**Exercise requirements**. Please repeat, from the entries that follow, the lines from the one containing "Хомут мет. с" through the one containing "Scheepjes Softfun - 2603 Cool Blue" exactly, adding nothing.
START Provided material
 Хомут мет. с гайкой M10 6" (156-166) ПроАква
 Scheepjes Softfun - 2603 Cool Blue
END Provided material
START Provided material
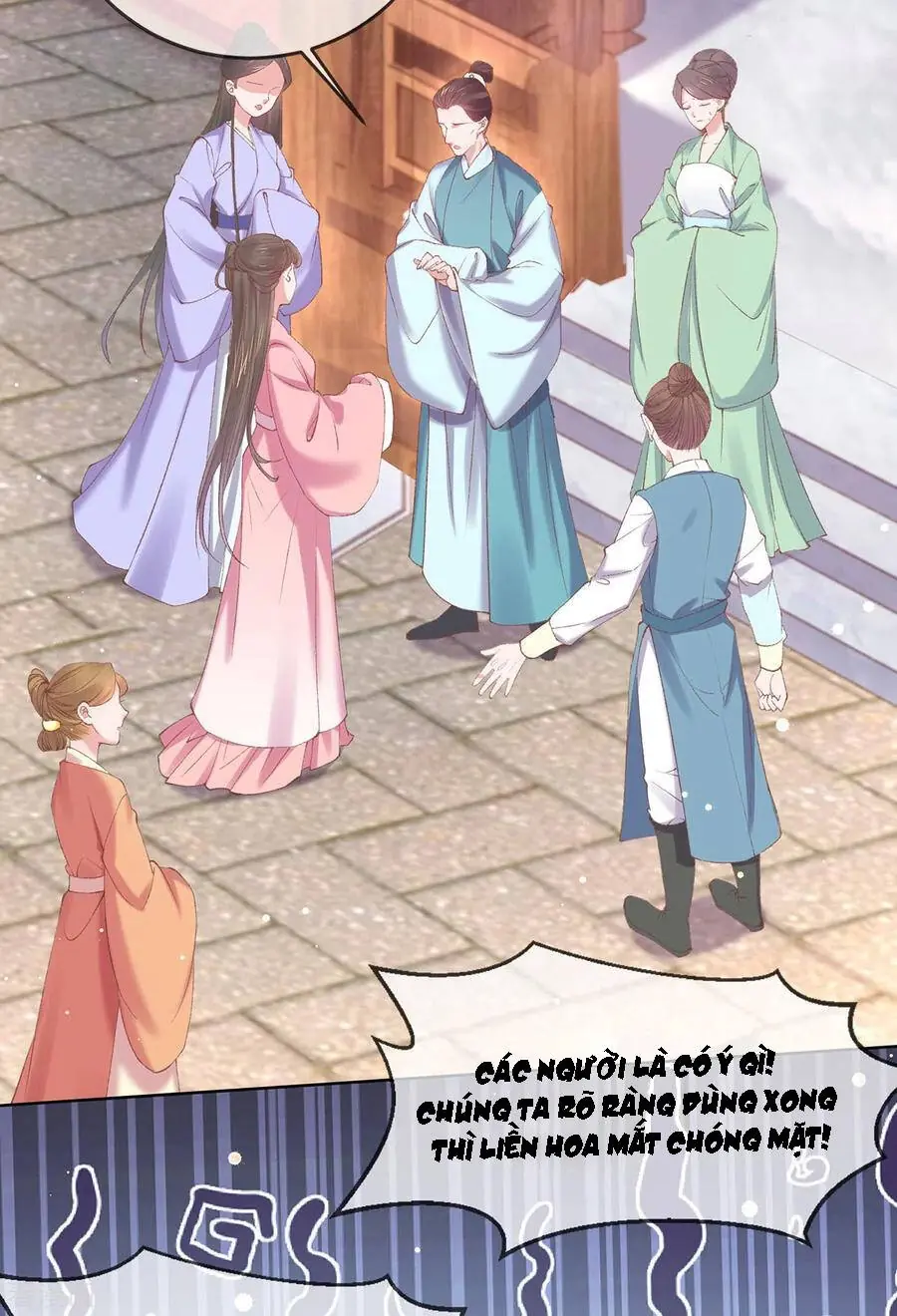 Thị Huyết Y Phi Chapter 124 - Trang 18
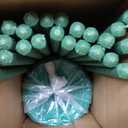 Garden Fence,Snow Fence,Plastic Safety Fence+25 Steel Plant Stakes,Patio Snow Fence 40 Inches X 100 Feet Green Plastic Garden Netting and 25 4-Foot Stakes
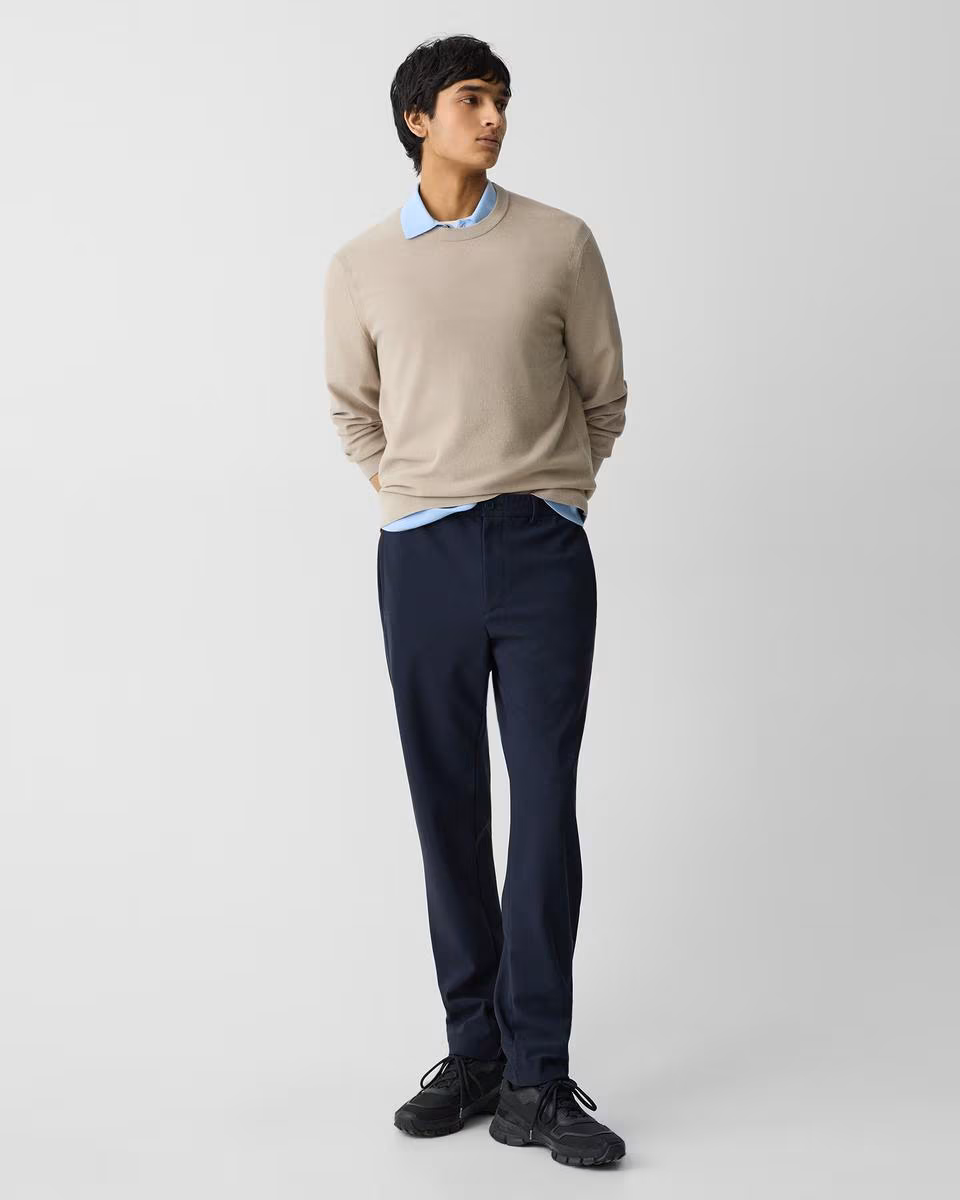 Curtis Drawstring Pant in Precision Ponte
END Provided material
**Task result**.
 Хомут мет. с гайкой M10 6" (156-166) ПроАква
 Scheepjes Softfun - 2603 Cool Blue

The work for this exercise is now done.